I’m spending far too much time wandering around the meadow at the moment, trying to find what’s coming up. I’ve even been called in to dinner a few times, returning to the house feeling like a naughty boy who’s been playing outside with his friends for too long. It’s a strangely satisfying feeling I’ve not experience for many, many years!

But it’s just too exciting. Along with the yellow rattle and eyebright – both of which are new to the meadow - several other flowers seem to be appearing in quantity. There’s definitely lots more common bird’s-foot-trefoil (Lotus corniculatus), cat’s-ear (Hypochaeris radicata), common knapweed (Centaurea nigra) and common sorrel (Rumex acetosa). Both oxeye daisy (Leucanthemum vulgare) and tufted vetch (Vicia cracca) are also new to the meadow.

I cannot account for the biggest surprise so far though. Wandering rather aimlessly across the slope at the bottom of the meadow one evening, I found a patch of leaves I just didn’t recognise. Like a familiar friend seen in an unexpected place, I just couldn’t work out what it was. I now think (in that way where you’re almost certain but fear you’ve made a huge mistake), that it’s common restharrow (Ononis repens). This is a beautiful wildflower which usually grows in sunny spots on well-drained lime-rich soil – think seaside, sand dunes and chalk downland. What it’s doing here on a shaded bank with damp, acid soil I cannot say. It certainly hasn’t come from the donor meadow, so it must have been in the soil seed bank –quite a few plants are appearing over a large area. My only thought is that it must have come from the estuary, which is about 100 metres away; the Conwy River is tidal at this point and is flanked with saltmarsh vegetation, but I’ve not actually seen it there either. Wherever it came from, it’s a very welcome addition to our meadow.

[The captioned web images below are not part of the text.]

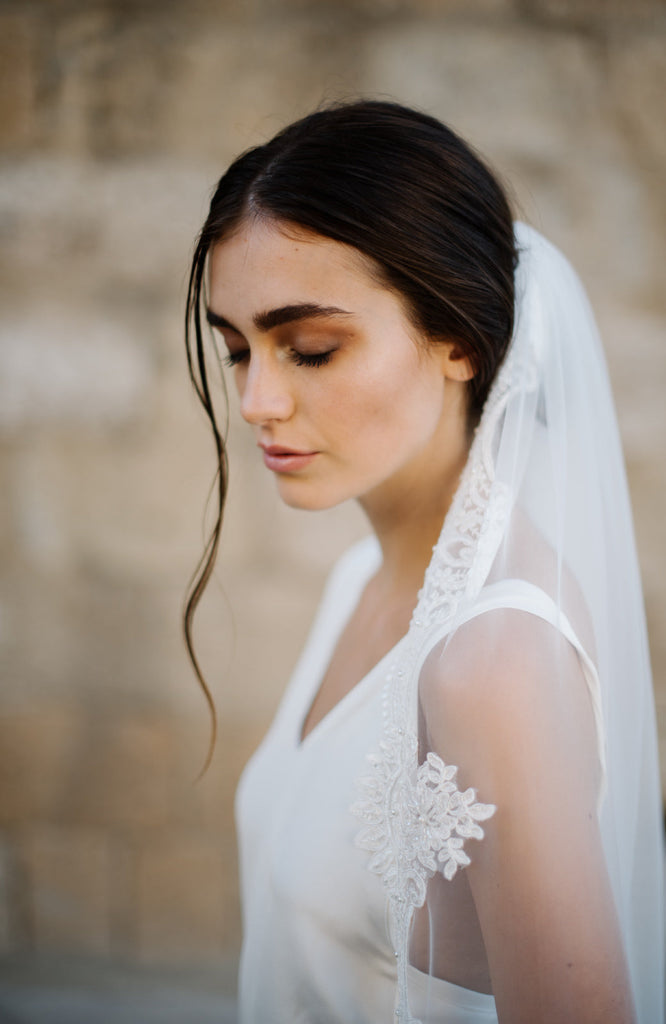 Daphne Newman Catarina Wedding Veil – Daphne Newman Design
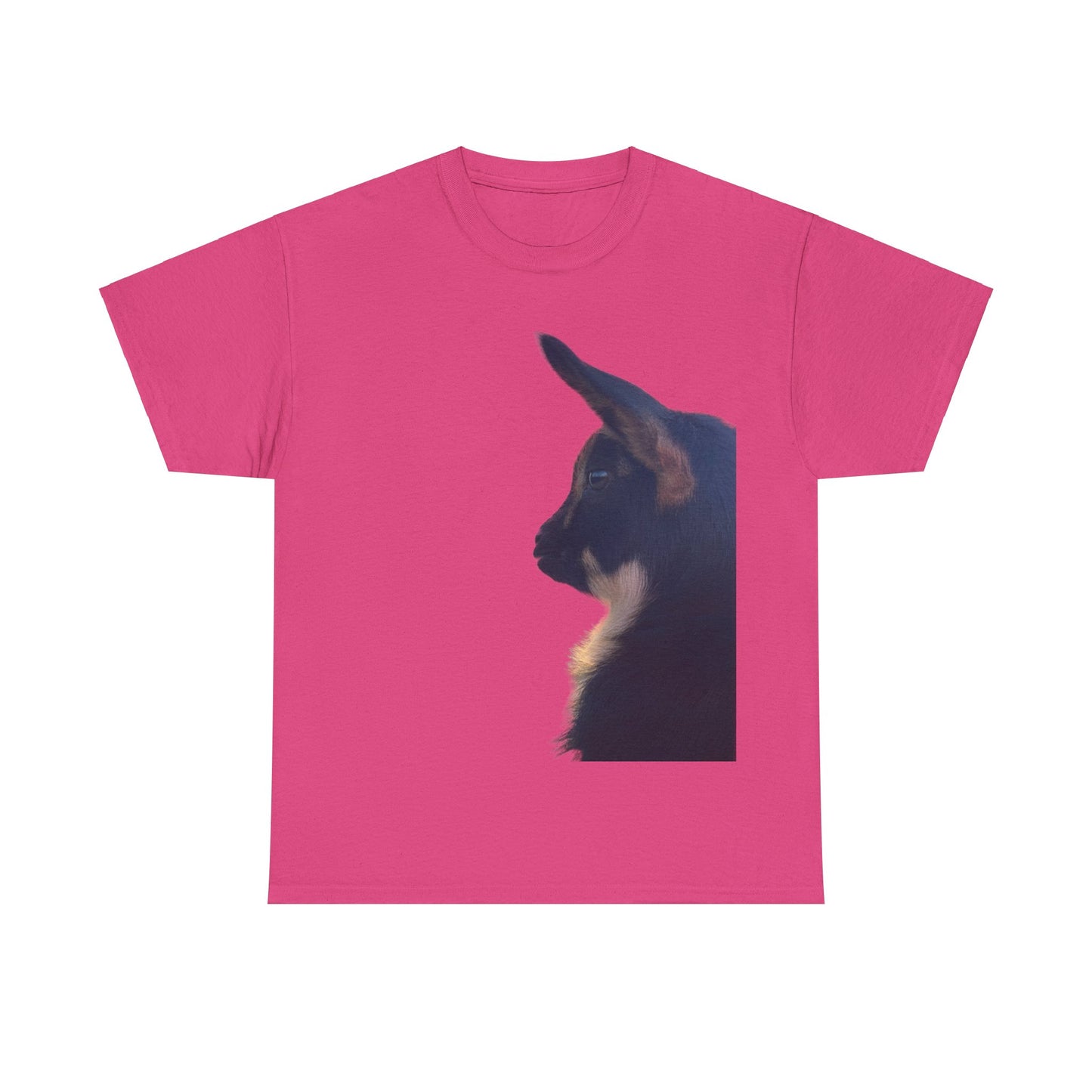 Unisex Heavy Cotton Tee - Cooper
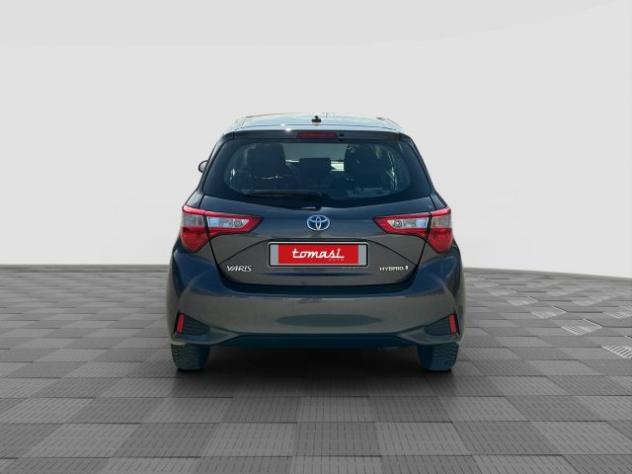 TOYOTA Yaris Yaris 1.5 Hybrid 5 porte Business rif. 24023900 - Foto 4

But there’s absolutely no sign of devil’s-bit scabious (Succisa pratensis) or betony (Betonica officinalis), despite sowing the seed from the donor Coronation Meadow. It’s a reminder that we’re actually playing a long game here and we shouldn’t expect everything to happen in the first year. Others have reported difficulties with establishing these species in other meadows, so it might be that our seed is simply lying dormant for now and might appear next year.

All of this botanical interest was brought into sharp focus when a crew from a local TV company arrived to film the meadow recently. With drones, hand-held cameras and time-lapse cameras on posts, they produced a lovely little item for a new series, Garddio a Mwy (‘Gardening and more’). You can catch my attempts at Welsh here (the item starts after 4 minutes and subtitles are available by clicking the icon next to the speaker).

As the season starts to get underway, thousands of bulbous buttercups (Ranunculus bulbosus) are starting to flower. Standing in the meadow early on a warm, humid morning, I detect a delightful vanilla fragrance. I’m not sure if this is coming from the buttercups or the sweet vernal grass (Anthoxanthum odoratum) that’s also starting to flower in profusion.

Either way, it’s a magical moment and reminder that meadows can feed the soul on many different levels.